While the other 42 had failed to achieve their goals, they had made compulsory schooling from first to sixth grade available for children, said Chen. He asked local governments to offer more support and to make more effort to help those counties catch up with their counterparts.
In 2004, the government launched a campaign where everyone living in the country's western regions would be able to receive compulsory schooling from first to ninth grades by 2007 and to make all young and middle-aged people literate.
China's western regions are less economically developed compared with the country's affluent eastern and southern areas.
The central budget has allocated about 10 billion yuan (US$1.33 billion) to build or expand 7,651 boarding schools in the region, enabling 1.95 million more students to study and 2.07 million to live on campus, Chen said.

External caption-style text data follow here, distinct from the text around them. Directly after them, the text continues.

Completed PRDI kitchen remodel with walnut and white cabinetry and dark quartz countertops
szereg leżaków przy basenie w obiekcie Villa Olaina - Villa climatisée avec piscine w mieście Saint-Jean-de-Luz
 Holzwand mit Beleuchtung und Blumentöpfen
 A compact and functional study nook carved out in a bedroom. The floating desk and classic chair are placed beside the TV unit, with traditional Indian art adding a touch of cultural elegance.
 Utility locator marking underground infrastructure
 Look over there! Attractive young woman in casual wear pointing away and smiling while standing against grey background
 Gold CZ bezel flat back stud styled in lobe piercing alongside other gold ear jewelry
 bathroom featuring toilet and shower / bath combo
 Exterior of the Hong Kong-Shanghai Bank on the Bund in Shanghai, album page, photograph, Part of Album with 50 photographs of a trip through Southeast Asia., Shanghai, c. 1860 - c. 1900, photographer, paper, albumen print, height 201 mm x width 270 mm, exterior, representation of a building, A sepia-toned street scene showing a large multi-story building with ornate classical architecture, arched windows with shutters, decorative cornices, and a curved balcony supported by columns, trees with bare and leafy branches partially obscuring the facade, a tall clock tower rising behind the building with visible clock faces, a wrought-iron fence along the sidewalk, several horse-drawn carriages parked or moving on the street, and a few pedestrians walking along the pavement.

Last year, China exempted students in rural areas of the west from compulsory educational fees. This year, all students have been exempted from the various fees pertaining to the nine-year compulsory education.
Both the central budget and local governments have put in a total of 11 billion yuan for the establishment of a distant-learning project that covers 360,000 rural middle and primary schools. It will allow more than 100 million students to share educational resources, Chen said.
Quality of teaching has also improved due to diversified training programs in recent years, he said.